(Image-text web data)
◇ ◇ ◇ ◇ ◇ ◇ ◇

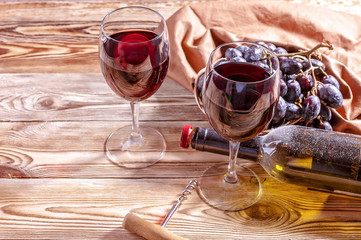 Red wine and red grapes on a wooden background.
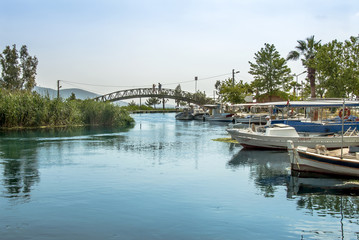 Fototapeta na wymiar Mugla, Turkey, 14 May 2012: Bridge and Boats at Azmak Stream, Gokova Bay, Akyaka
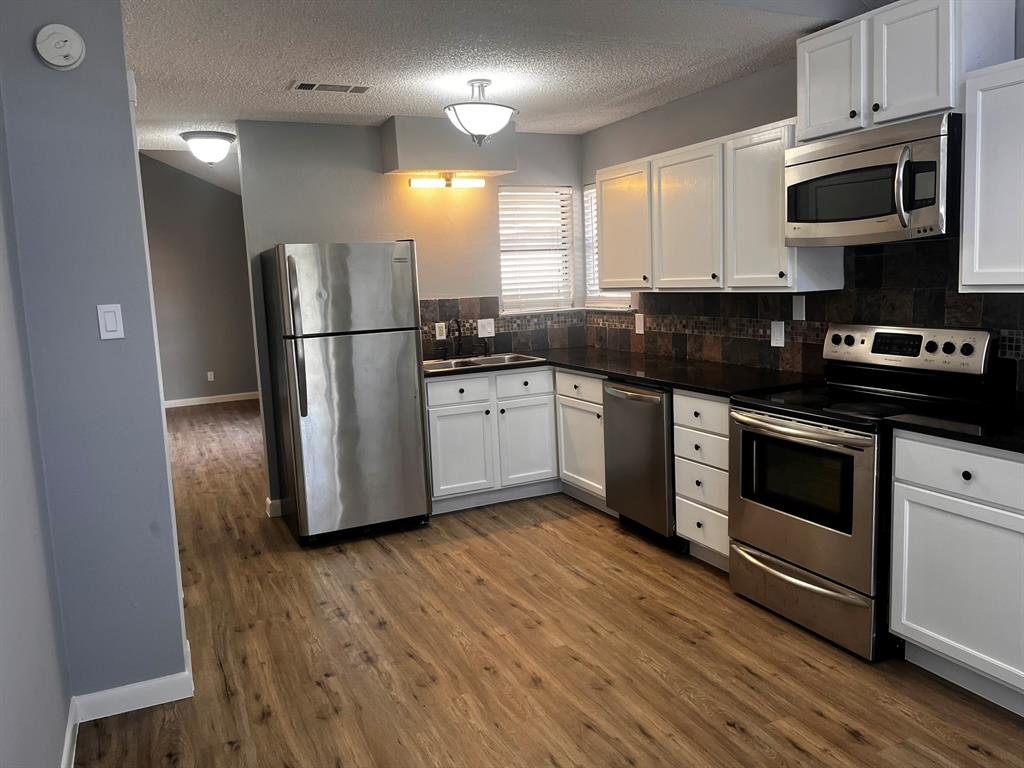 1007 Mack Place Denton, TX 76209 - Photo 7 of 37 Kitchen featuring stainless steel appliances, white cabinets, a textured ceiling, and decorative backsplash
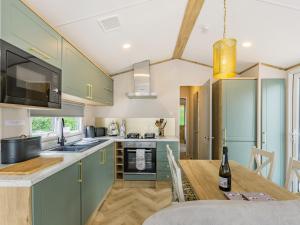Brigham的住宿－Seren，厨房配有绿色橱柜和木桌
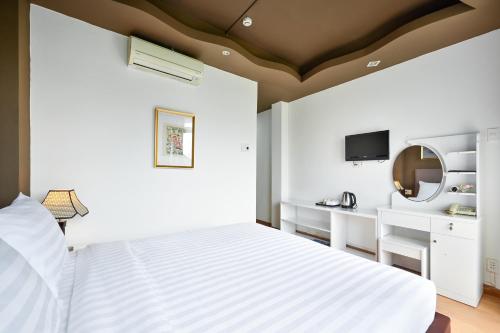 a white bedroom with a bed and a mirror at The Noble Swan Wood Park Hotel in Ho Chi Minh City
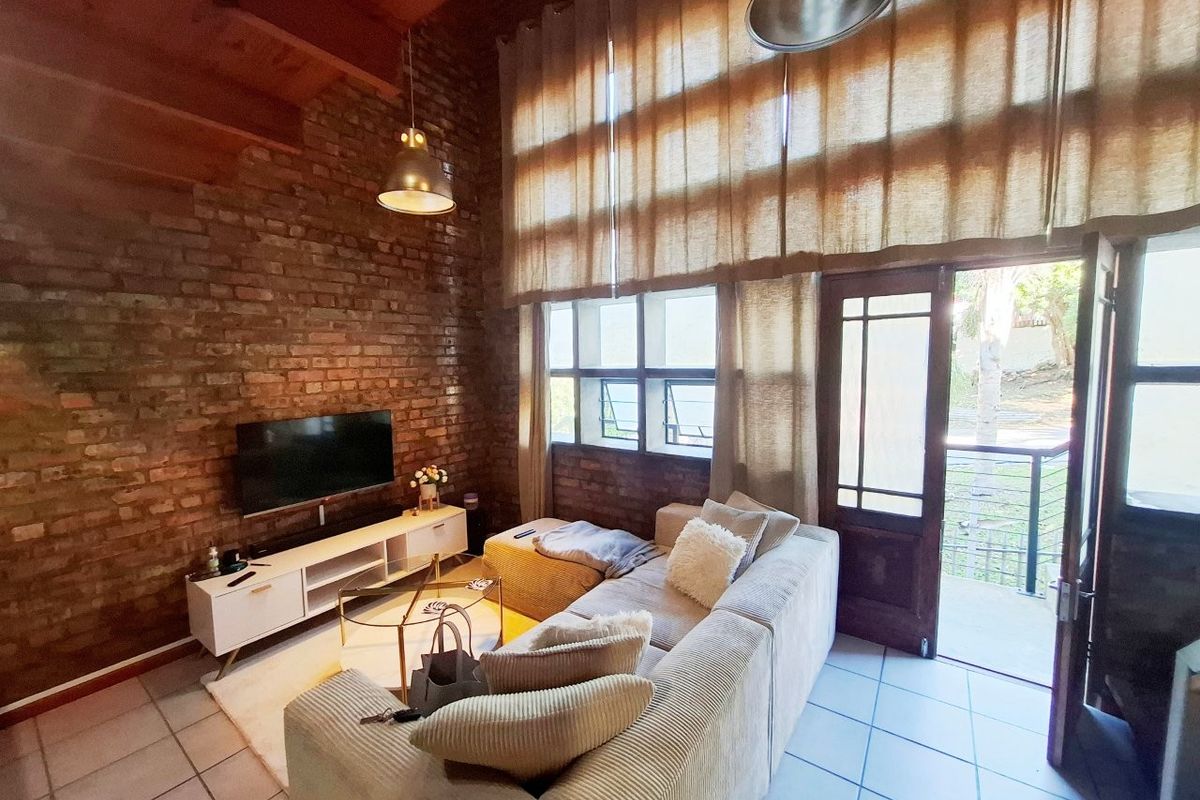 Spacious living room featuring exposed brick walls, high timber-beamed ceilings, tiled floors, and direct access to an outdoor balcony through a timber-framed glass door.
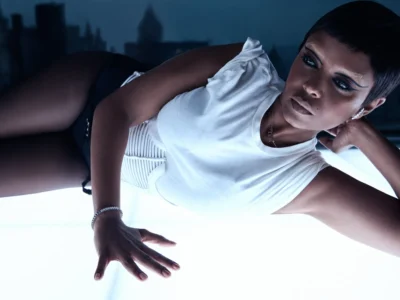Fashion portrait of a model reclining across a glowing illuminated surface at night, wearing a structured white sleeveless top with ribbed side detailing and black bottoms. A sharp pixie haircut, dramatic winged eyeliner, bleached brows, and silver jewelry complement the futuristic editorial styling, with a blurred city skyline in the background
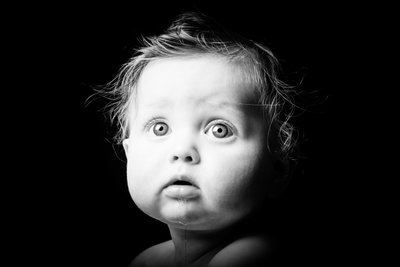 Wide-eyed black-and-white baby portrait in Johannesburg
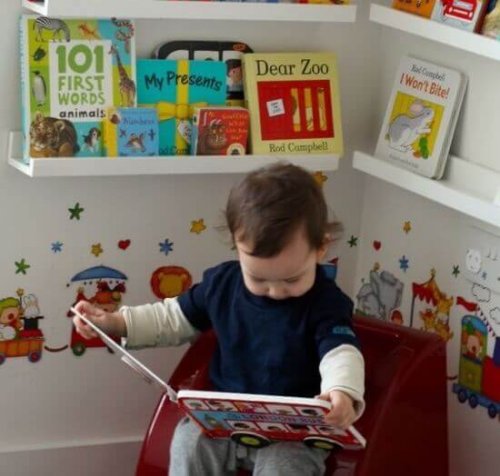 Un enfant en train de lire, ce qui peut aider à lui apprendre à parler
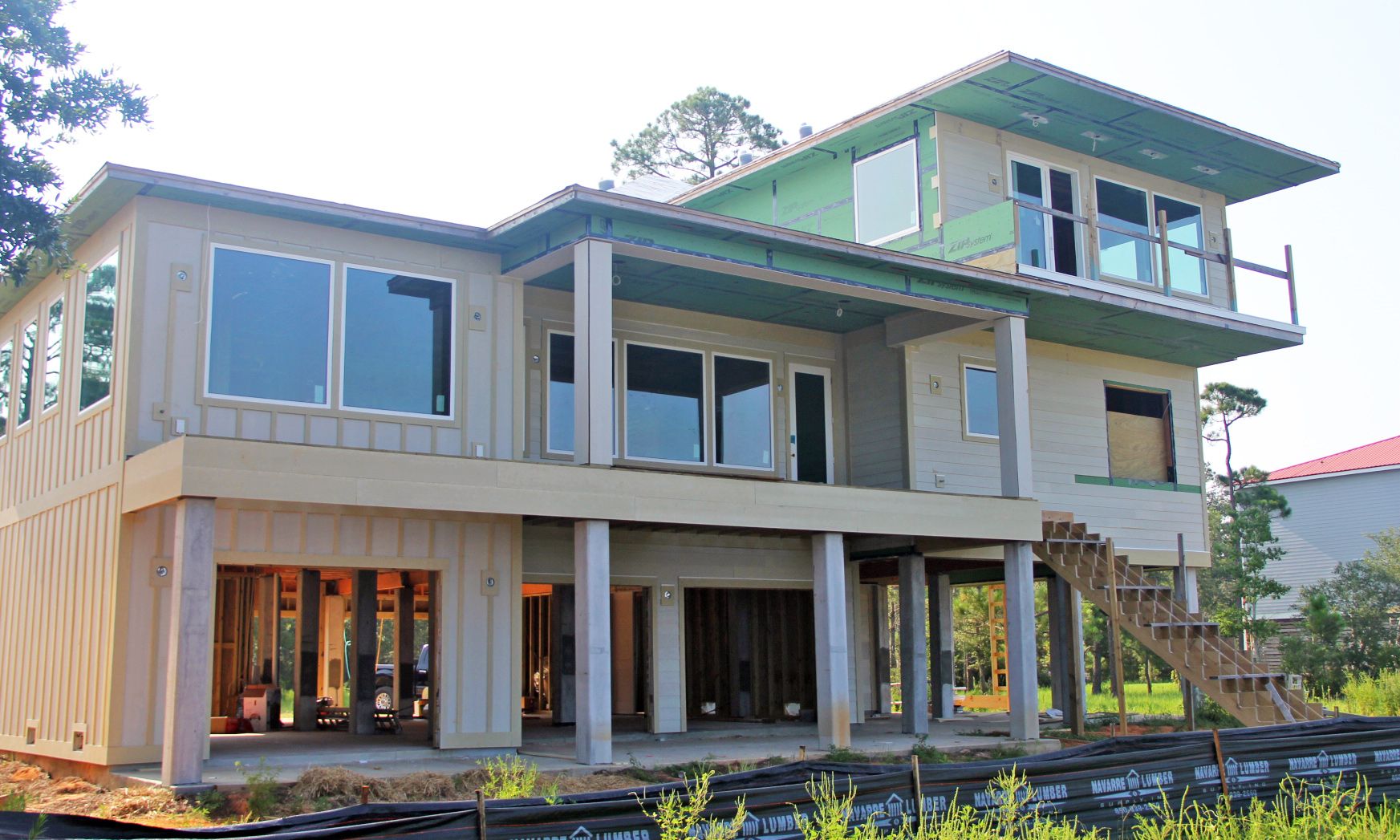 Modern piling home in Navarre by Acorn Fine Homes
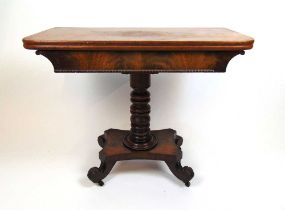 An early 19th century mahogany tea table, the fold over top supported on a swivel action on a turned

◇ ◇ ◇ ◇ ◇ ◇ ◇

What is needed here is each line above set down word for word, minus the images.

- _OUTPUT_:
 Red wine and red grapes on a wooden background.
 Fototapeta na wymiar Mugla, Turkey, 14 May 2012: Bridge and Boats at Azmak Stream, Gokova Bay, Akyaka
 1007 Mack Place Denton, TX 76209 - Photo 7 of 37 Kitchen featuring stainless steel appliances, white cabinets, a textured ceiling, and decorative backsplash
Brigham的住宿－Seren，厨房配有绿色橱柜和木桌
 a white bedroom with a bed and a mirror at The Noble Swan Wood Park Hotel in Ho Chi Minh City
 Spacious living room featuring exposed brick walls, high timber-beamed ceilings, tiled floors, and direct access to an outdoor balcony through a timber-framed glass door.
Fashion portrait of a model reclining across a glowing illuminated surface at night, wearing a structured white sleeveless top with ribbed side detailing and black bottoms. A sharp pixie haircut, dramatic winged eyeliner, bleached brows, and silver jewelry complement the futuristic editorial styling, with a blurred city skyline in the background
 Wide-eyed black-and-white baby portrait in Johannesburg
 Un enfant en train de lire, ce qui peut aider à lui apprendre à parler
 Modern piling home in Navarre by Acorn Fine Homes
 An early 19th century mahogany tea table, the fold over top supported on a swivel action on a turned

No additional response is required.